Ciao, SEers! Last time, we talked about clichés in horror and how to fix them. This time, we’re going to look at stereotypes in two more genres and ways to turn them around.
- Title of the book is “the character in the place (often vantage point)” i.e. The Woman in the Window
- Solution: Find something more appealing to name your book. Often a word or line in the text will pop.
- Bad guy sees the voyeur investigating what they saw
- Solution: This is overdone. If you want to have a voyeur, don’t let the villain see the voyeur. Let the voyeur approach the villain. Maybe the voyeur is worse than the villain and blackmails him or becomes inspired by him and becomes a supervillain.
- Washed up grizzled alcoholic detective who lost someone and comes out of retirement to solve the crime even though competent cops can’t
- Solution: Why is this even a thing? Why is a chemically-compromised, out-of-practice cop better at his job than detectives who are actively working and competent? Avoid this one.
- Twist is a good guy was behind it all (the helper)
- Solution: This can be effective (all your characters are either good or bad, so it only stands to reason that at some point, you’ll have a killer who’s a “good” person), but you have to lay the proper clues, use red herrings, and have the right motivations. If you use this one, try making him a suspect early, then clearing him, only to have your initial suspicions prove correct. Or try making a different good guy being a suspect instead.
- Bad guy gets away when hero turns her head
- Solution: This is good to extend a series, but we’ve seen it before. If you’re going to do this, why not operate in shades of gray and let your cop decide to let your villain run? That will make her have a lot of guilt when, in book two, he breaks his promise and starts killing again. Or is it really him… Yep, it’s a much better way to extend a series.
- Aliens look like humans
- Solution: Make them look like absolutely anything else. Look up monsters on Google. Make them be microscopic parasites. Use your imagination.

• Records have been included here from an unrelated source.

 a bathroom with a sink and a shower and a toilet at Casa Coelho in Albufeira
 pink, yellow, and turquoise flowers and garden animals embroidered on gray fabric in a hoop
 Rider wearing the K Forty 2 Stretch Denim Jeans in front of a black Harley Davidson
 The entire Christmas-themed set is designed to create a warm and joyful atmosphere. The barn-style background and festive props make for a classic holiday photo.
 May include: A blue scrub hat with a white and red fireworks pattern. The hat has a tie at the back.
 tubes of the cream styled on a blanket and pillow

- Crystals as a power source (especially unlimited power)
- Solution: Again, there are any number of things that can power something. I’m no scientist, but I can read a few articles and cobble together some jargon that sounds accurate (ish) for whatever I need. If you aren’t comfortable reading scientific journals and figuring out what to say, read articles geared for children. Talk to a science teacher. Watch a science channel on TV or YouTube. You’d be surprised at the information you can find and the concepts you can grasp rather quickly. It won’t take long to create an authentic (or at least an authentic-sounding) power source that’s a fresh take on an old concept.

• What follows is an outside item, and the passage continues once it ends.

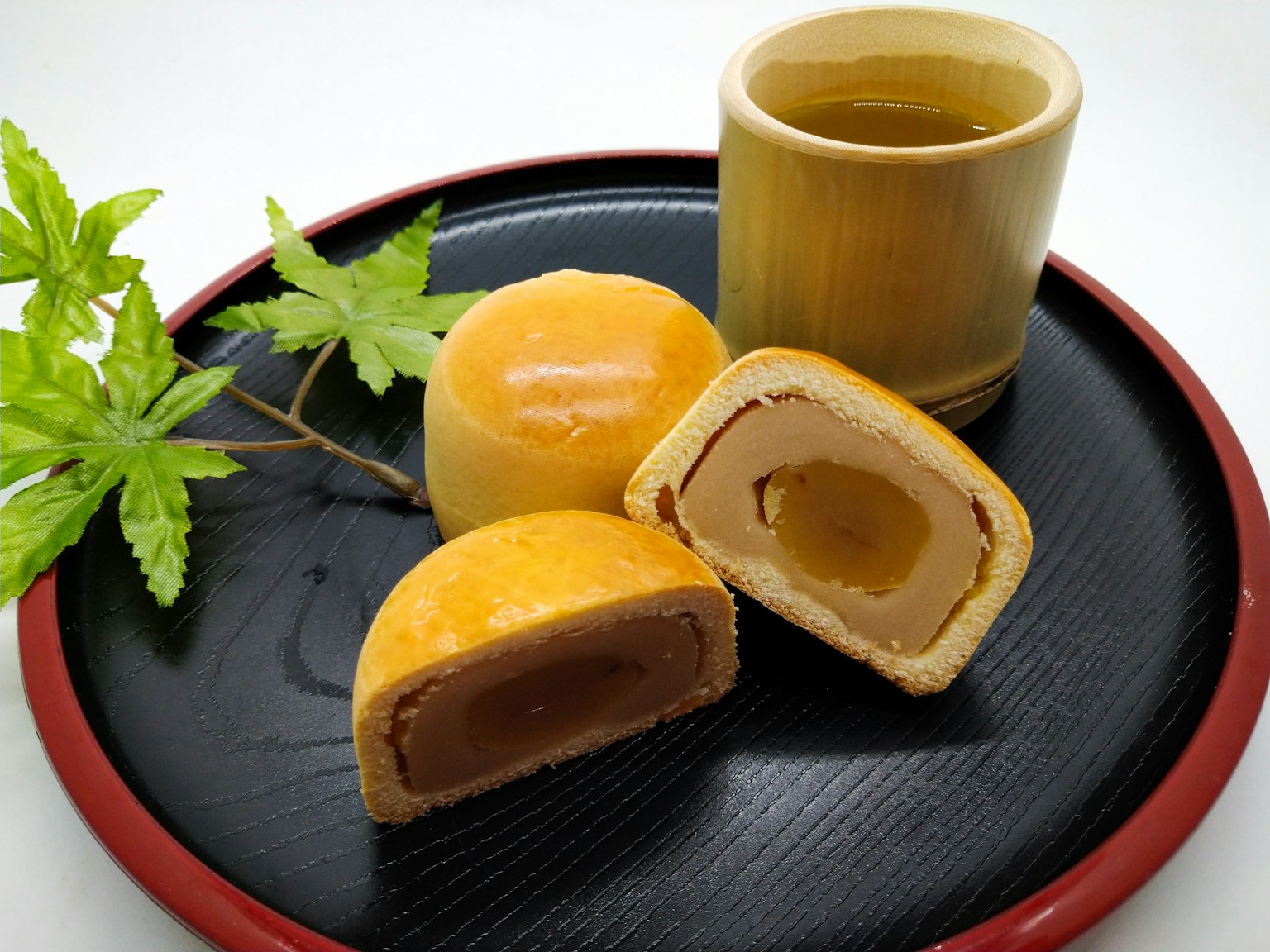 Yellow Japanese sweets and tea on a black plate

- Mercenary at the rowdy bar where all species hang out
- Solution: I’m the first to admit the cantina scene in Star Wars: A New Hope is a favorite of mine (and Han absolutely shot first), but we’ve seen this scene a ton of times. Where else can you have this mercenary? Where might be the most interesting place? A worship hall? An orphanage, doing charity work? Having high tea with his grandmother at a fancy restaurant? Do something incongruous with him. Or her.
- Planetary ruler instead of a UN kind of body representing all the land masses
- Solution: Stop having a dictator over the entire planet. Planets are huge. It’s unlikely there’s one person ruling the entire globe. If there is a planetary government, it will be UN-like, with representatives from all the lands sitting on a board or congress of some sort. (Yes, there could be a ruler of that, but show this body instead of that one supreme ruler. No more Emperor Mings.)
- Beating the big bad immediately kills all alien soldiers
- Solution: Just don’t do that. I cut Marvel a lot of slack because I’m a huge RDJ fan, but even I struggled to make the leap when the nuke that Tony sent through the worm hole somehow killed the living army on Earth. Make sure your kills make sense.
Like last time, the solutions were eliminations or completely changing things. Everything was a matter of subverting the reader’s expectations. If you can surprise the reader (in a good way), you’ll leave them with a favorable impression and a desire for more.
So, did I miss any? Can you add to the lists? Let’s talk about it.